The expected announcement of 2.7 million barrels added to the inventory was blown out by the addition of 9.3 million barrels. This was seen at the Cushing, Oklahoma facility, where 1.28 million barrels were added. However, gasoline inventories printed a -2.56 million versus the expected -1.37 million. In other words, it appears the Americans are burning through much more petroleum. Beyond that, distillate numbers came in at -3.82 million versus the anticipated -2.5 million. In a sense, the best way to look at it is that although there was a horrific headline, the internals certainly looked quite a bit more bullish.
Beyond the announced figures, US crude oil refinery inputs average just a bit over 15 million barrels per day. This is 200,000 barrels per day less than the previous weekly average. Refineries operated at 83.1% of their capacity last week, and gasoline production decreased down to an average of 10 million barrels per day.
Crude oil imports into the United States averaged 6.3 million barrels per day, up 70,000 barrels from the previous week. During the last month, crude oil imports averaged about 6.3 million barrels per day, making the past week simply “average”. Worth noting, though, is that imports for crude oil into the United States are down 18.2% from the same month last year.
The future for crude oil
The crude oil markets have been beaten down over the last month or so.

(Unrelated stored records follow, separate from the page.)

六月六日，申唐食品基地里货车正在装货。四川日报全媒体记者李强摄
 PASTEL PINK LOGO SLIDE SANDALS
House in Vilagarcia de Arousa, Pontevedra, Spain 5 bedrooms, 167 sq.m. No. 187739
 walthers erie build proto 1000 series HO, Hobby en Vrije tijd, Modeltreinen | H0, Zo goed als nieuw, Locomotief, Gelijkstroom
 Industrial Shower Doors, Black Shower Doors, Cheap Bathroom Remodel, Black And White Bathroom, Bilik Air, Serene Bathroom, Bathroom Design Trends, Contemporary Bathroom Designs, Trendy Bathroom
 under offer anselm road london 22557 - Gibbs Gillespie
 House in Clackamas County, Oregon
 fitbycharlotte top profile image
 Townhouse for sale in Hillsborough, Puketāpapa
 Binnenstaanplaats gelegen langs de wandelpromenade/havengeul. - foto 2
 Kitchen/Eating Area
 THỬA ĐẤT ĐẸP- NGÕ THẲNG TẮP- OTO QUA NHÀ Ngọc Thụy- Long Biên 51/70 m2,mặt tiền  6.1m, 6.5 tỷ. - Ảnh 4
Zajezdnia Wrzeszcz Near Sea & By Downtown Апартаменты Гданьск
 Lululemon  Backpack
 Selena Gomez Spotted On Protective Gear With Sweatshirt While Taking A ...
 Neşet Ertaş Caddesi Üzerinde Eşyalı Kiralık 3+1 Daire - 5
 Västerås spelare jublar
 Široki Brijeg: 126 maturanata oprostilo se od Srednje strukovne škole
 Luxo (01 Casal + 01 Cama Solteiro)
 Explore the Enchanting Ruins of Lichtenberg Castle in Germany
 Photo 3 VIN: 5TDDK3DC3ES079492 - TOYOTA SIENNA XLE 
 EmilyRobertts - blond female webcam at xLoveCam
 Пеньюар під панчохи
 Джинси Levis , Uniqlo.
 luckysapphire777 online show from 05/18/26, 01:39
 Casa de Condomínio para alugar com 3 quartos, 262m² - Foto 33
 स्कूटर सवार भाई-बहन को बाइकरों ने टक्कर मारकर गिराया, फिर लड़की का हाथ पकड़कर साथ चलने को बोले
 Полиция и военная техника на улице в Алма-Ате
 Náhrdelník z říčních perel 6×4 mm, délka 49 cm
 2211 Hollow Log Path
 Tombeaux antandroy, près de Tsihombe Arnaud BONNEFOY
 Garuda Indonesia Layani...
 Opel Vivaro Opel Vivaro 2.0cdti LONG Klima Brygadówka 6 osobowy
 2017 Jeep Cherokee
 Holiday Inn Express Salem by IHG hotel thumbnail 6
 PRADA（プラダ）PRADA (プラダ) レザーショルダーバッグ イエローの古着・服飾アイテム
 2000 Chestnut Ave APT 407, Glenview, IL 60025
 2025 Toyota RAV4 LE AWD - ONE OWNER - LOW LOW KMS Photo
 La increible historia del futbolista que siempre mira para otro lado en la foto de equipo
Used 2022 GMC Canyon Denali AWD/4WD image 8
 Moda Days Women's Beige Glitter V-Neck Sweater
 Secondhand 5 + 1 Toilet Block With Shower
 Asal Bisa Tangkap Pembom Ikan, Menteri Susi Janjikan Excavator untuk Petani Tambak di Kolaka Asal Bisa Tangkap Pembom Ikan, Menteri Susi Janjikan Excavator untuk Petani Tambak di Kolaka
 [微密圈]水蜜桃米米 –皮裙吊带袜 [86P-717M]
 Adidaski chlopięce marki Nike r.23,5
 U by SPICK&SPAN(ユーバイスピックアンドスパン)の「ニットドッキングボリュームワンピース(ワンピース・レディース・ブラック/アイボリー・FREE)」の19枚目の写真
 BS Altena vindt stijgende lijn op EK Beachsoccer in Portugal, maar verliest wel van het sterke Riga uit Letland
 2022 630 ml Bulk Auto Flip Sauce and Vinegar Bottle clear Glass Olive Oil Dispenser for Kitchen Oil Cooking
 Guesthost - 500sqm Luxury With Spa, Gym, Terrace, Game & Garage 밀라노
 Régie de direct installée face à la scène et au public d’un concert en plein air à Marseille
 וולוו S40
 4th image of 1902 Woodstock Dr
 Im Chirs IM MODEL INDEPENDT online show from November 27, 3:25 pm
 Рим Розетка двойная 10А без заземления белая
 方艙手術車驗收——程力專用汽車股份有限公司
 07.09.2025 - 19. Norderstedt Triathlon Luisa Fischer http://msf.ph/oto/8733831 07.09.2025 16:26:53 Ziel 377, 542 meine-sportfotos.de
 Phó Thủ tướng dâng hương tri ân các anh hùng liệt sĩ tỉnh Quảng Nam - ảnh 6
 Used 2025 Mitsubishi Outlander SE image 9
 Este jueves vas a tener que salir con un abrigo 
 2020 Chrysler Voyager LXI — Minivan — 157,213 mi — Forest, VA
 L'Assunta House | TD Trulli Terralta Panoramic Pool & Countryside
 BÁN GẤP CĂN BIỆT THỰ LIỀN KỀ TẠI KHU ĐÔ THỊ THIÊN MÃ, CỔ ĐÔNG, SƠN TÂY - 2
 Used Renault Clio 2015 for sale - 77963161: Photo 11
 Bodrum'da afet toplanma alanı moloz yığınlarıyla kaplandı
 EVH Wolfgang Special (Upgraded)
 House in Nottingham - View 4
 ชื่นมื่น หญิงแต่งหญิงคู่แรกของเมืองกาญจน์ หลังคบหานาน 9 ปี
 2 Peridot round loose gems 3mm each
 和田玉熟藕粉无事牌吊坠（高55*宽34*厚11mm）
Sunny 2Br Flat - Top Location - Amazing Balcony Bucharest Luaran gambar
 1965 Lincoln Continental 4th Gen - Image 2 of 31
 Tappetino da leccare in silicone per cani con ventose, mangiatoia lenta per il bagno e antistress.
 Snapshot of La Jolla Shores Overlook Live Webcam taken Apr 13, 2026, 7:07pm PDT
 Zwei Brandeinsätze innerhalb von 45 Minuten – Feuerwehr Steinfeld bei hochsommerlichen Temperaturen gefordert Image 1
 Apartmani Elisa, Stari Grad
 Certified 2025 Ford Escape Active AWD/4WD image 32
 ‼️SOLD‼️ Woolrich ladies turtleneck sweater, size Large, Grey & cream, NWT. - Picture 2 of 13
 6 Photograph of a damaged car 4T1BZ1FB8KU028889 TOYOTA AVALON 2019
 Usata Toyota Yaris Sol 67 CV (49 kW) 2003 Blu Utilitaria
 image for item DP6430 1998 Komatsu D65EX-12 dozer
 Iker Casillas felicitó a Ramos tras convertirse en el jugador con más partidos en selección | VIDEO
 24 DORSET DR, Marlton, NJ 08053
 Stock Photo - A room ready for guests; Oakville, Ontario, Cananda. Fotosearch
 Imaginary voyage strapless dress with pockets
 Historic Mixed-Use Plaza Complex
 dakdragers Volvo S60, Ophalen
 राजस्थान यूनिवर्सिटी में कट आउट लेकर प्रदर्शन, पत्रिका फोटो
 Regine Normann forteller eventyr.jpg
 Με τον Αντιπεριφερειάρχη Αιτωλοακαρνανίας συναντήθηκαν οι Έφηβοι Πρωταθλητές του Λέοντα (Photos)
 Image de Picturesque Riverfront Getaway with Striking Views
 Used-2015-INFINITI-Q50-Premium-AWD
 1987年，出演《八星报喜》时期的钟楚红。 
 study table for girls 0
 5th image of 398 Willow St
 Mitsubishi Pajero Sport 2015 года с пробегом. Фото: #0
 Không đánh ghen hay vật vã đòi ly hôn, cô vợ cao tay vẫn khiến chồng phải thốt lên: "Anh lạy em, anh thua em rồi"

With that being the case, it’s not a huge surprise that it wasn’t quite ready to sell off yet. However, it looks as if the market is well supported in general, so the markets may be willing to look through the numbers and perhaps focus on the potential drawdown in gasoline. This should have a bit of a knock-on effect in the crude oil markets themselves. With that being the case, not much will change as there is still massive support in the WTI grade at the $50 level just below.